Forty minutes later Harvey pulled the car up to a ranch-style house nestled in a small valley deep within the San Gabriel mountains. He turned off the engine and got out of the car. “Come, follow me,” he said.

Dennis followed, still wondering what this was about. He’d managed to get Harvey to admit that the work in question was for a fellow member who needed a database built of various hardcore pornography media. “We’re building a lending library,” Harvey had said. “It’s still in the early stages, but neither of us have the time to build something sophisticated. That’s why you’re here.”

“And you’ll pay me?” Dennis asked. Despite how things were shaping up, he still felt a trifle nervous as he followed Harvey to the front walkway.

“Of course,” Harvey said. He unlocked the door. “Perhaps we can get you to make some money at this as well. How would you like that?”

“I don’t know,” Dennis said.

“If you had an opportunity to make twenty-five grand screwing a dead chick, you wouldn’t do it?”

“I just like to watch,” Dennis said. “I don’t want to actually do these things.”

“Ah! You’re merely the customer, right?”

Dennis shrugged. “I guess.”

“Wonderful!” Harvey grinned. “Come this way, Mr. Hillman.”

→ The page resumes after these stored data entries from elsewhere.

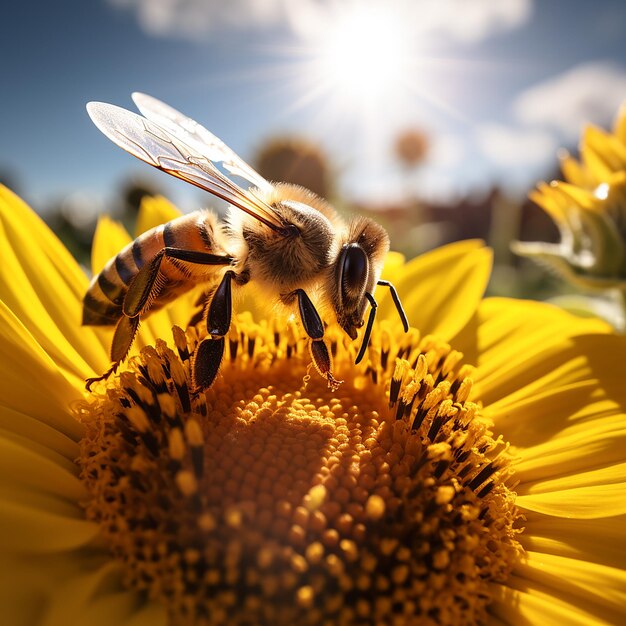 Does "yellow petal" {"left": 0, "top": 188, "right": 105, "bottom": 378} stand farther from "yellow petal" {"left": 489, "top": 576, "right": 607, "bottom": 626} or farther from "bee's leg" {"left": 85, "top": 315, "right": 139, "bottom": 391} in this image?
"yellow petal" {"left": 489, "top": 576, "right": 607, "bottom": 626}

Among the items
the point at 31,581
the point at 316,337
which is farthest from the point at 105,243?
Result: the point at 31,581

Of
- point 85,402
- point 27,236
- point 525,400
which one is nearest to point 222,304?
point 85,402

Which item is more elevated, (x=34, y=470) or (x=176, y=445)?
(x=176, y=445)

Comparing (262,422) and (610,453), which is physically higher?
(610,453)

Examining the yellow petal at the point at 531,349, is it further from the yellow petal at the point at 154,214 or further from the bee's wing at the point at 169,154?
the yellow petal at the point at 154,214

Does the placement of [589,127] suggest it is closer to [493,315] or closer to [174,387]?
[493,315]

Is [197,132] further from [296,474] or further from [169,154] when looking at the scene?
[296,474] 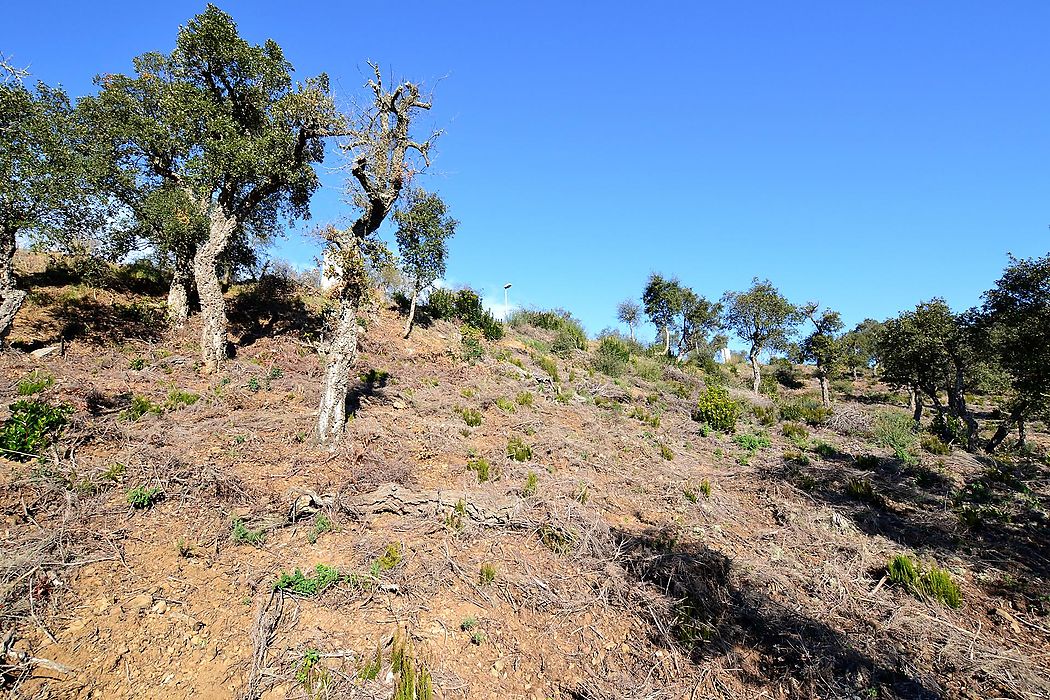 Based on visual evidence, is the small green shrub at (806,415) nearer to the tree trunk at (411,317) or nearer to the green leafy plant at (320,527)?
the tree trunk at (411,317)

Harvey led Dennis through a large foyer to the rear of the house. Dennis could hear the sound of a television and he saw the flickering light of the screen spilling in the shadowed room. Whatever was playing it was either a horror movie of some kind or—

Dennis stopped at the threshold of the room as the image on the large screen TV rolled on. What appeared to be the elderly woman from the necrophilia film was being brutally beaten by two masked men. Her cries of pain were real, genuine. Dennis could tell that the minute he laid eyes on the film. He turned to look at Harvey and as he did so, his eyes rested on two figures lying on the floor like large, bloated lumps. Dennis took a step forward and recoiled, his stomach roiling as he saw that the figures were two adult dead males. They were naked, their bodies livid and white. Dennis noticed one had a small hole in the center of his forehead. His eyes were half-open, the lids like droopy shutters. Dennis took an involuntary step backward. “Hey, look, I don’t think this is—”

“You don’t think this is what, Mr. Hillman?” Harvey stood at the threshold to the large den, smiling. The old woman on the large screen TV screamed in pain as something horrible happened to her.

Dennis turned to Harvey, his heart racing. “Those guys …” He couldn’t finish what he was going to say.

“Are dead. Yes, I know that Mr. Hillman. I thought that’s what you liked.”

“I’m not gay,” Dennis said quickly. He wanted to get the hell out of here, but something kept him rooted to the spot.

“Of course not,” Harvey said. “Andy Wilkes, one of the dead men you see there, was very much into young men, though. Take a look at the other one. Surely you’ll recognize him.”

A spike of fear dripped down Dennis’s spine as he took another look at the bodies. One of the bodies was that of a fat middle-aged man with thinning gray hair. He looked familiar … vaguely familiar. He looked like the type of guy who’d be …

Dennis put a hand to his mouth to hold back the scream. “Oh my God! That’s Carl Grossman!” His knees threatened to buckle and Dennis leaned against the wall.

“Yes, that’s Mr. Grossman. He was the supplier. Nice that we have all three of you here, don’t you think? Customer, supplier, and the manufacturer.”

Dennis looked at Harvey. He was shaking so badly. “Wh-wha-what are you talking about?”